Nous continuons tout de même à nous disputer dans notre profession. C’est autodéterminé et cela libère, idéalement.

Thomas Lempert, Zurich


Chère Madame Nauer,

En tant que partisane d’une langue respectant l’équité de genre, je suis d’avis que la mutation fonctionne aussi (mais bien entendu pas seulement) à travers la langue. De nombreuses et de nombreux scientifiques peuvent le démontrer mieux que moi et vous pourrez citer de nombreuses et de nombreux scientifiques (!) qui attestent du contraire. Contentons-nous de constater cette différence fondamentale dans nos convictions, nous ne tomberons de toute façon pas d’accord. Regardons au lieu de cela les « agressions » dont vous faites état :

à propos de langue : n’est-ce pas non plus une agression de votre part que d’affirmer que les partisan·e·s des formes respectant l’équité des genres seraient incultes ? Car c’est cela que l’on peut déduire du reproche de méconnaissance du latin et de la grammaire. Vous semblez vous y connaître en génériques, peut-être aimeriez-vous également vous familiariser, du point de vue de la linguistique et des sciences sociales, avec le phénomène de la formation de stéréotypes ? Peut-être que ces disciplines pourraient receler telle ou telle explication pour laquelle il existe des gens qui doutent de l’effet générique des génériques …

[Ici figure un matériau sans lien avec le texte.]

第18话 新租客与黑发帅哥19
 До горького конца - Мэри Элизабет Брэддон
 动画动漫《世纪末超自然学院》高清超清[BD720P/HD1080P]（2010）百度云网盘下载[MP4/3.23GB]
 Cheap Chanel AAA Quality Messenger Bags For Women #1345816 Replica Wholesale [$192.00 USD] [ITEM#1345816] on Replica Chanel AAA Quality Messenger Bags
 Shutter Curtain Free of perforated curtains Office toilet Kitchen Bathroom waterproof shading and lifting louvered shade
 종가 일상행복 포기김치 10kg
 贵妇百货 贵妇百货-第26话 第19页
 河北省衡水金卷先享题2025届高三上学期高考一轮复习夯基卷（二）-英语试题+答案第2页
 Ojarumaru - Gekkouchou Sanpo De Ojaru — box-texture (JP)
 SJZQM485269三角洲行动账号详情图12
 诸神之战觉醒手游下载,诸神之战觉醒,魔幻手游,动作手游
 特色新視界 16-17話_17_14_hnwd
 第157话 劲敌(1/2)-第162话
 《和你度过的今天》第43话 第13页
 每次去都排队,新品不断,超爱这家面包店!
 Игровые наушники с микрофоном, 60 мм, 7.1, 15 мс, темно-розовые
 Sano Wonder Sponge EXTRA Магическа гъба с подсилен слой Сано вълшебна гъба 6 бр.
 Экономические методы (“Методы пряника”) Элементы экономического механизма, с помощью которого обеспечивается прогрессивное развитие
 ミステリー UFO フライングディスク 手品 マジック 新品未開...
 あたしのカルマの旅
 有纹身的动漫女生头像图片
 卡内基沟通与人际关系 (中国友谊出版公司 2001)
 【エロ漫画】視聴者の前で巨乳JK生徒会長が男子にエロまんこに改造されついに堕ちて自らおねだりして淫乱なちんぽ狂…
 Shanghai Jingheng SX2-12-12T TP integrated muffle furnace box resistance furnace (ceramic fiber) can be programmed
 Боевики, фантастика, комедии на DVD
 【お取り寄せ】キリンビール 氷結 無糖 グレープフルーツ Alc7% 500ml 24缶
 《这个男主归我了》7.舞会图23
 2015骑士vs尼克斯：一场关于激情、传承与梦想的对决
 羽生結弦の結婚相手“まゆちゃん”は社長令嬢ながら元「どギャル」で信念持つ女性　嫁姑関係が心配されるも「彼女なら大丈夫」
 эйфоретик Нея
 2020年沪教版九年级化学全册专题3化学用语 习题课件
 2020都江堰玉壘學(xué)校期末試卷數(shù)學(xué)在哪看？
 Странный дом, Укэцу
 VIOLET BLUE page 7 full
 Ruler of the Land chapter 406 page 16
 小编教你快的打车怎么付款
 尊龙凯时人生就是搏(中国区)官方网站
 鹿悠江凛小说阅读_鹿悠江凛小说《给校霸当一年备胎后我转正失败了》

à propos de neuropsychologie : vous vous sentez perturbée dans votre concentration et devez réfléchir à qui une désignation peut faire référence ? Parfait ! C’est bien le but recherché ! Je suis également volontiers disposée à vous aider à vous aider vous-même au niveau de la prononciation : vous pouvez sûrement utiliser et prononcer des formes telles que « etc. », « resp. » ou, en tant que latiniste, « et al. ». Appliquez donc ce principe également aux désignations genrées de personnes, cela pourrait marcher !

à propos de morale : qui vous a en fait interdit de parler votre langue ? Et si quelqu’un devait effectivement vous avoir interpelée sur votre manière de formuler : comment vous sentez-vous à cette occasion ? Comme si vous deviez simplement parler et écrire différemment que ce que vous dicte votre plus intime conviction ? Vous sentez-vous peut-être à ce moment-là non perçue ? Invisible ? Pas correctement représentée dans la langue ? En voilà une affaire.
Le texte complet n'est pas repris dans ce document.